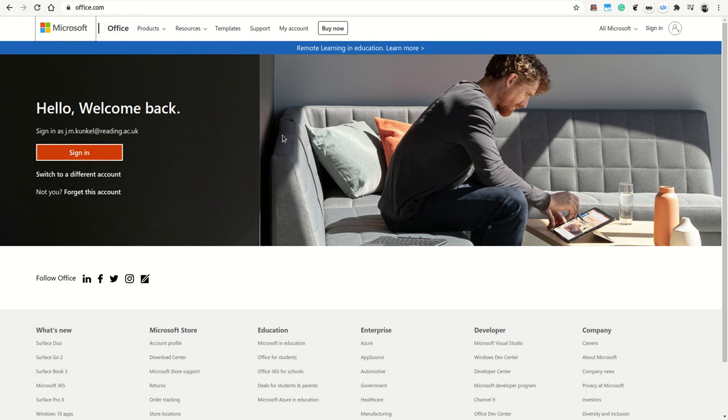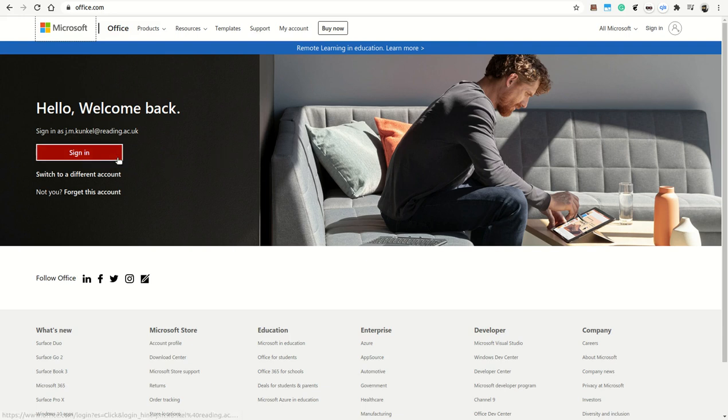This video is about Office 365, which is pretty much the central hub for the university to communicate and to share documents.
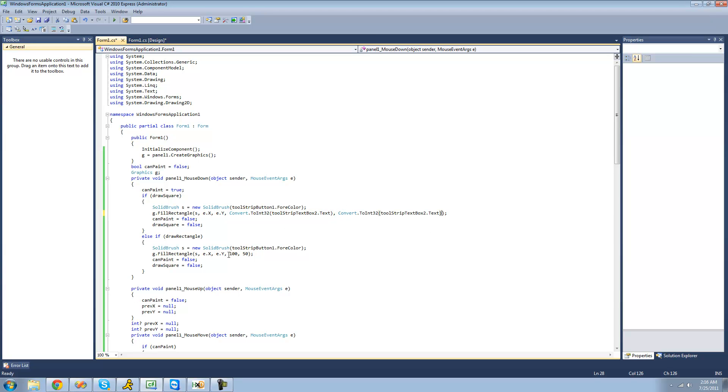But for the rectangle we have two different sizes. So what we're going to do is we're going to just multiply the width by two, and then this way it'll just stay proportional and the user will still be able to select the size.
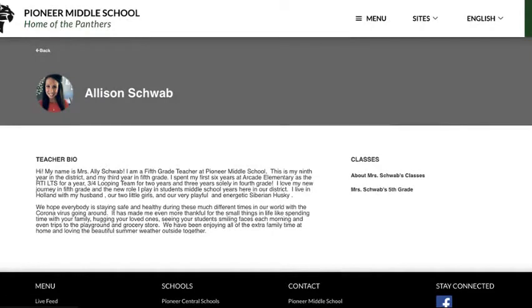Each teacher has a website available to them through AptiG. If you don't have a teacher website already, please contact SkipTillingHast at ITS through email SkipTillingHast at PioneerSchools.org.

■ ■ ■ ■ ■

• _TASK REQUIREMENTS_: Every line from the one containing "But for the" to the end of the material above is to be returned exactly, with the pictures left out.

• _RESULT FOR THIS TASK_:
But for the rectangle we have two different sizes. So what we're going to do is we're going to just multiply the width by two, and then this way it'll just stay proportional and the user will still be able to select the size.
Each teacher has a website available to them through AptiG. If you don't have a teacher website already, please contact SkipTillingHast at ITS through email SkipTillingHast at PioneerSchools.org.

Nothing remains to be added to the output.